Bitcoin on track for over 20% weekly loss; investors still reeling from FTX implosion

24K-Production/iStock Editorial via Getty Images

Bitcoin (BTC-USD) is on track to post a weekly loss of over 20%, with cryptocurrency investors still reeling from the implosion of troubled exchange FTX that sent shockwaves across the industry this week.

The top crypto, which was stuck in rangebound trading over the past several weeks, dropped to a two-year low of ~$15.7K on Wednesday.

Sam Bankman-Fried quit as FTX CEO and the crypto exchange began voluntary Chapter 11 bankruptcy proceedings in the U.S. John Ray III has been named Fried’s successor as CEO. Ray reportedly oversaw the liquidation of former energy trader Enron.

FTX Token’s (FTT-USD) market cap has shed ~$2.6B this week, currently standing at ~$350M, according to CoinMarketCap.


The world’s largest crypto exchange Binance initially offered to acquire the non-U.S. business of FTX, but pulled out after FTX reportedly came under regulatory scrutiny over potential mishandling of funds.

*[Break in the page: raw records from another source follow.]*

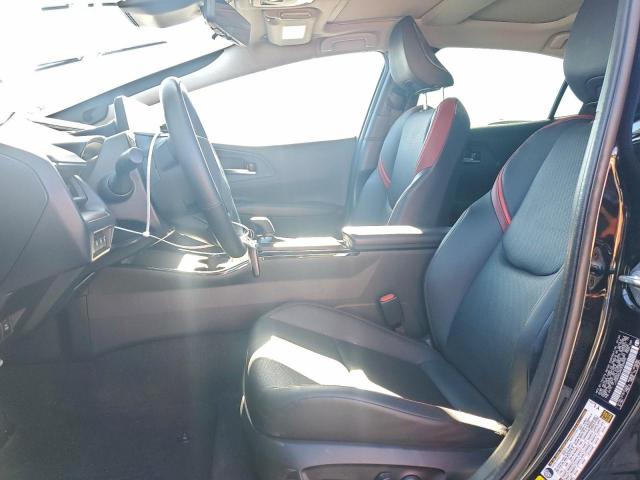 Toyota Prius Se Image 12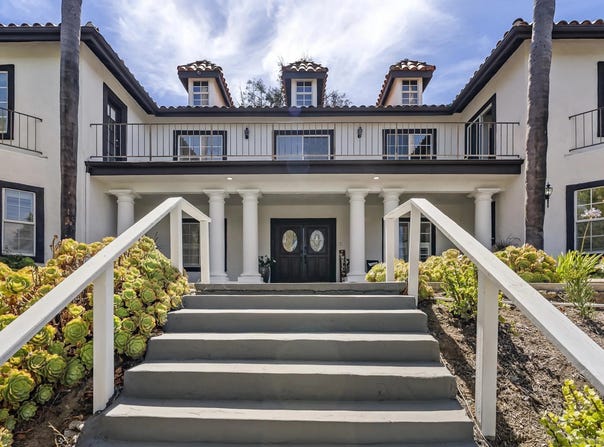 1696 Gil Way, Vista, CA 92084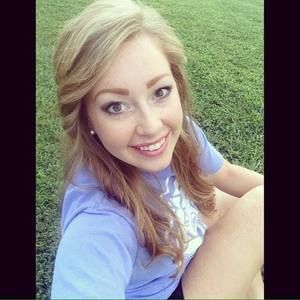 Meet your Posher, Heidi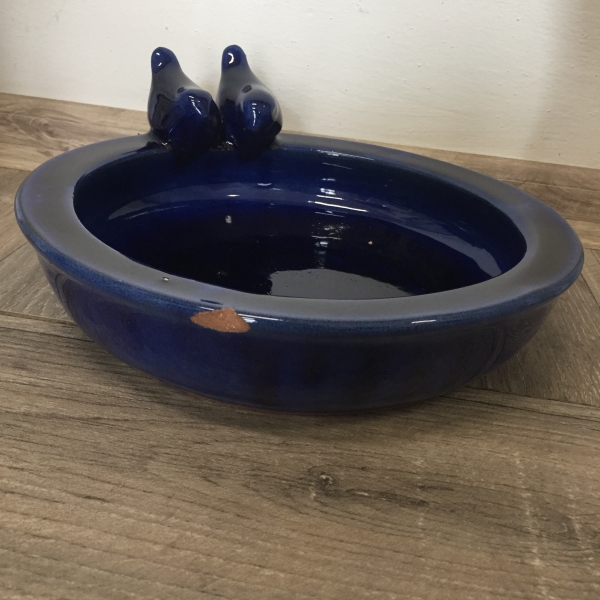 Zahradní pítko VYŘAZENO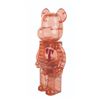 Image 4 : Be@rbrick Emotionally Unavailable 400% & 100% Set.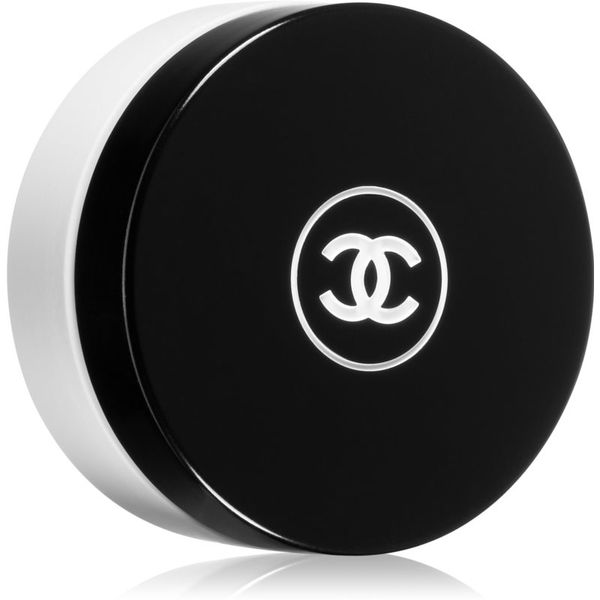 Chanel Chanel Hydra Beauty Nutrition Nourishing Lip Care hranilna nega za ustnice 10 g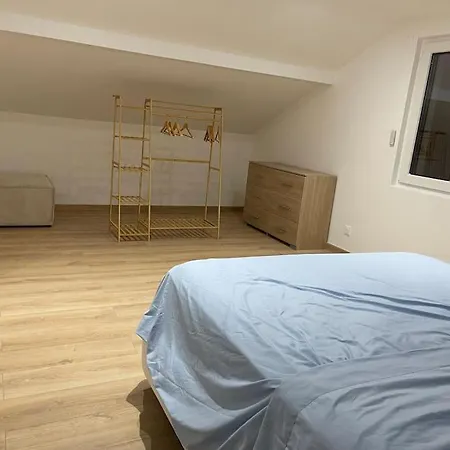 Villa For Travelers Looking For A Sciez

In response to the crypto selloff, Binance topped up its emergency insurance fund to $1B.

Voyager Digital (OTCPK:VYGVQ) said late on Friday that it reopened the bidding process for the firm after FTX filed for voluntary Chapter 11 bankruptcy.

SEC chairman Gary Gensler told CNBC that crypto investors need better protection as the sector is “significantly non-compliant”, despite having some clear regulations.

Meanwhile, Galaxy Digital (OTCPK:BRPHF) CEO Mike Novogratz told CNBC that the FTX implosion is a “body blow” to trust in the industry. But MicroStrategy (MSTR) co-founder Michael Saylor said it highlights the importance of bitcoin (BTC-USD), adding that now is a good time to accumulate the token.

Now, one exchange traded fund has taken advantage of the broader selloff – ProShares Short Bitcoin Strategy ETF (BITI). The ETF climbed over 9% on Friday, with its trading volume at ~1.7M vs. average trading volume 916.9K.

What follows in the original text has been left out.